» **Required work**: Set out exactly, line by line, the stretch of data below that begins at the line containing "Emerald cut diamond" and ends at the line containing "Woman with bad", with both ends kept.

» **Provided material**:
####

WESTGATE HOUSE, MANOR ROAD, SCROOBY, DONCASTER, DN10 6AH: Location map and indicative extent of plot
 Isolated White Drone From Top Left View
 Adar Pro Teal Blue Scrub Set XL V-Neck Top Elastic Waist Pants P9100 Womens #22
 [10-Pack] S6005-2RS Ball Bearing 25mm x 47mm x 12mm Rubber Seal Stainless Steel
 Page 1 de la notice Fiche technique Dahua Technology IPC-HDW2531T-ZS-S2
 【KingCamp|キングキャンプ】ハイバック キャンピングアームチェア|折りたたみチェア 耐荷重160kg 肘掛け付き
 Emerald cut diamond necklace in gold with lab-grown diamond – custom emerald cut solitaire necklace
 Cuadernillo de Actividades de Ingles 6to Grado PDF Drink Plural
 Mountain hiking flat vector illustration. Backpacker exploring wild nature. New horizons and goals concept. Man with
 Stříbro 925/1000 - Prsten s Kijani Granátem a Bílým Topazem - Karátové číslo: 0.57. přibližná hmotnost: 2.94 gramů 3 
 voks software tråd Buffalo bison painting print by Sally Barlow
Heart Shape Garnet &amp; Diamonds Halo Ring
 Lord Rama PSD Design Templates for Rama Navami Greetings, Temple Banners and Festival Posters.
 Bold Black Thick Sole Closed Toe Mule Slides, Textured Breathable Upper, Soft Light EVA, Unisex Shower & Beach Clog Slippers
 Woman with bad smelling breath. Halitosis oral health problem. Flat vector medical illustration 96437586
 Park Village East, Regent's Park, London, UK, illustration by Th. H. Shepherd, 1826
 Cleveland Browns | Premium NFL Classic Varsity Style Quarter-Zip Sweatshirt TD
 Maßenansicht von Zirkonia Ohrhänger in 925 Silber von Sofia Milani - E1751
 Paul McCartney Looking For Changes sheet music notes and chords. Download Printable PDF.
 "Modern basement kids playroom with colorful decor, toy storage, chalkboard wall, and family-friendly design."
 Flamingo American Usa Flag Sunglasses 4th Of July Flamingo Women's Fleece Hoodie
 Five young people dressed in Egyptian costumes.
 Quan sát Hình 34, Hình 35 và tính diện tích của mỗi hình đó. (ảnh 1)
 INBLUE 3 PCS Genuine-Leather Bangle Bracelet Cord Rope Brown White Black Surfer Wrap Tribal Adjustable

####

» **Finished exercise**:
 Emerald cut diamond necklace in gold with lab-grown diamond – custom emerald cut solitaire necklace
 Cuadernillo de Actividades de Ingles 6to Grado PDF Drink Plural
 Mountain hiking flat vector illustration. Backpacker exploring wild nature. New horizons and goals concept. Man with
 Stříbro 925/1000 - Prsten s Kijani Granátem a Bílým Topazem - Karátové číslo: 0.57. přibližná hmotnost: 2.94 gramů 3 
 voks software tråd Buffalo bison painting print by Sally Barlow
Heart Shape Garnet &amp; Diamonds Halo Ring
 Lord Rama PSD Design Templates for Rama Navami Greetings, Temple Banners and Festival Posters.
 Bold Black Thick Sole Closed Toe Mule Slides, Textured Breathable Upper, Soft Light EVA, Unisex Shower & Beach Clog Slippers
 Woman with bad smelling breath. Halitosis oral health problem. Flat vector medical illustration 96437586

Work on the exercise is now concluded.